- Born: 18 August 1892 Adelaide, South Australia
- Died: 7 September 1987 (aged 95) Elizabeth Bay, New South Wales, Australia
- Other names: "Miss Russell"
- Occupation: Orthoptist

= Emmie Russell =

Emmie Russell (18 August 1892 – 7 September 1987) was an early Australian orthoptist and an art collector. She was the first president of the Orthoptic Association of Australia.

==Life==
Russell was born in Adelaide. Her father, William Reid Russell, was an engineer and his brother was the Australian artist John Russell. Her mother was born Emma Goldsbrough and Emmie was the third of their four children. The family moved to Sydney. She went to her last school, Presbyterian Ladies College Croydon, in 1909.

Orthoptics was new and Ringland Anderson is credited with starting its training in 1932. He cloned the syllabus that was established in Britain and began the first Australian course at the Alfred Hospital. The new field of research was attracted women applicants including his scientific secretary Diana Craig and his friend Emmie Russell.

In 1944 she was the first president of the Orthoptic Association of Australia (OAA) with Diana Craig as the OAA's first secretary. She served for two years.
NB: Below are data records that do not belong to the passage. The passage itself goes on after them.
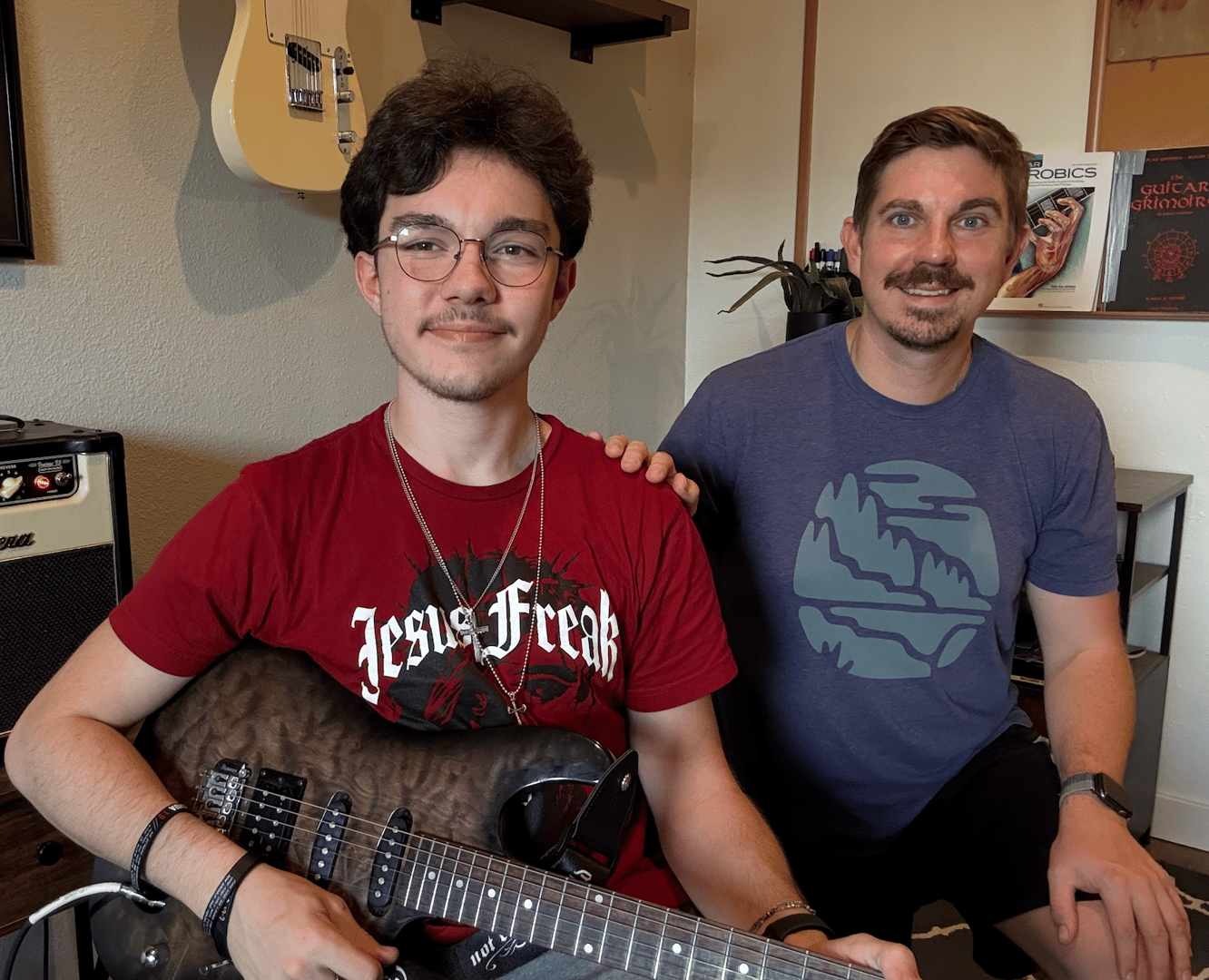 Teaching guitar student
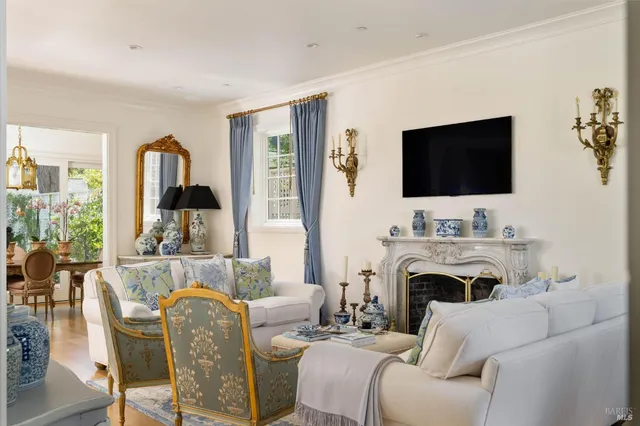 a living room with furniture a fireplace and a flat screen tv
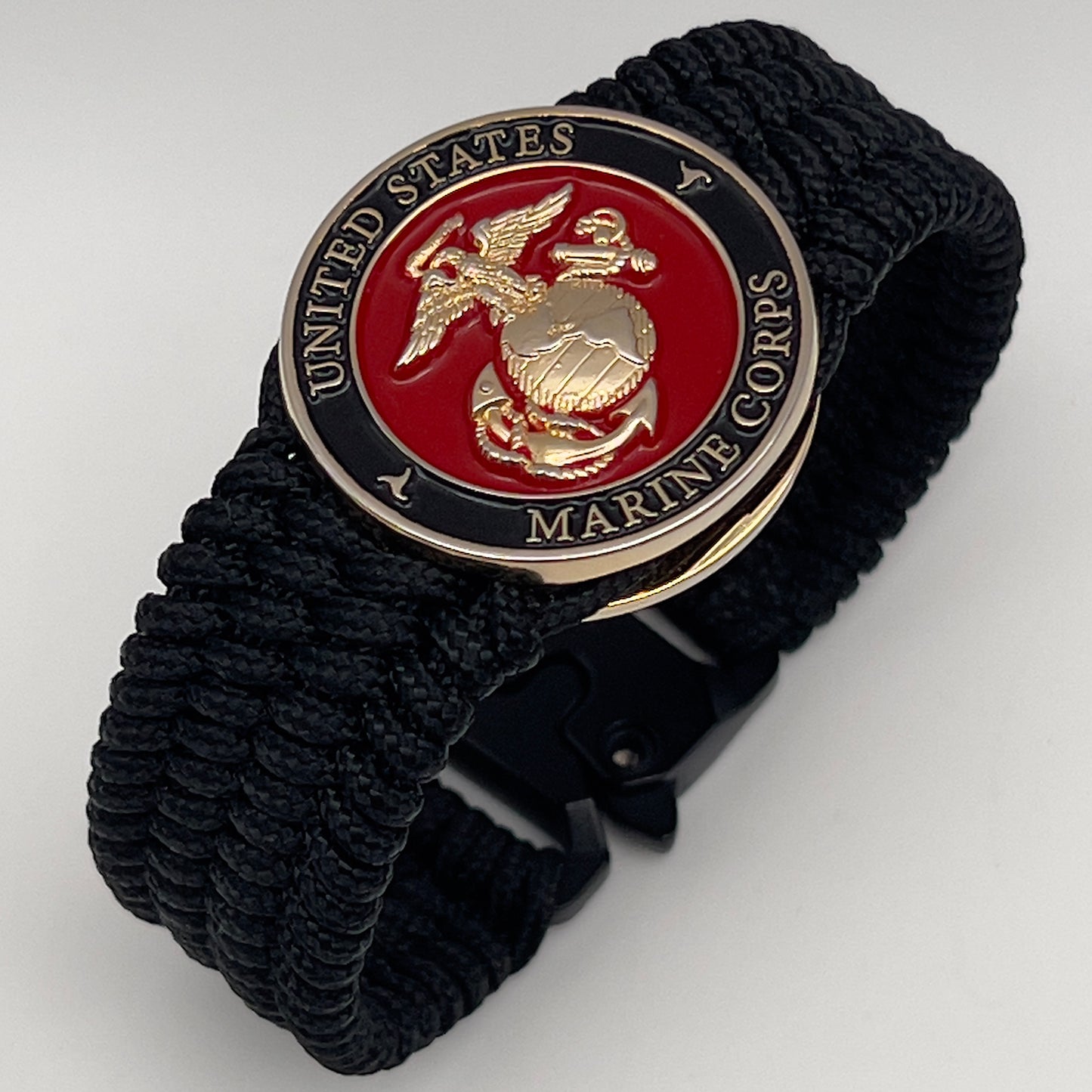 Thin, medium width, flexible and comfortable braided United States Marine Corps bracelet featuring a 24K gold plated USMC officer Eagle Globe and Anchor medallion, a black Cobra style tactical buckle and woven with black Type-1 paracord.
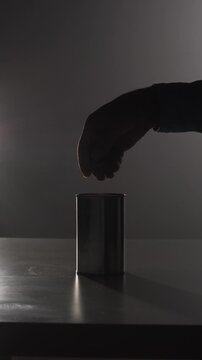 Vertical video silhouette of a hand dropping a coin into a metallic tin can, symbolizing charitable giving, poverty relief, and financial support for those in need during times of economy crisis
She and Diana Craig assisted the Royal Australian Air Force in checking the eyesight of their pilots.

Russell was awarded honorary life membership of the OAA in 1959.

==Death and legacies==
Her uncle John's paintings had been championed by his cousin the Sydney artist Thea Proctor who died in 1966. As a result of their work and her interest Emmie obtained a large collection of paintings by Thea Proctor and her uncle John Russell. She donated many of them to the National Gallery of Australia and the Art Gallery of New South Wales.

The legacy of her work which she retired from in 1956 was added to as she encouraged the following generations of orthoptists. She funded and set in motion the Emmie Russell Prize that was awarded the best scientific paper presented at an OAA meeting by a new member. The first winner was Margaret Kirkland in 1957.

Russell died in Elizabeth Bay in 1987 and she left a bequest to what became the Emmie Russell Department of Orthoptics at the Royal Alexandra Hospital for Children.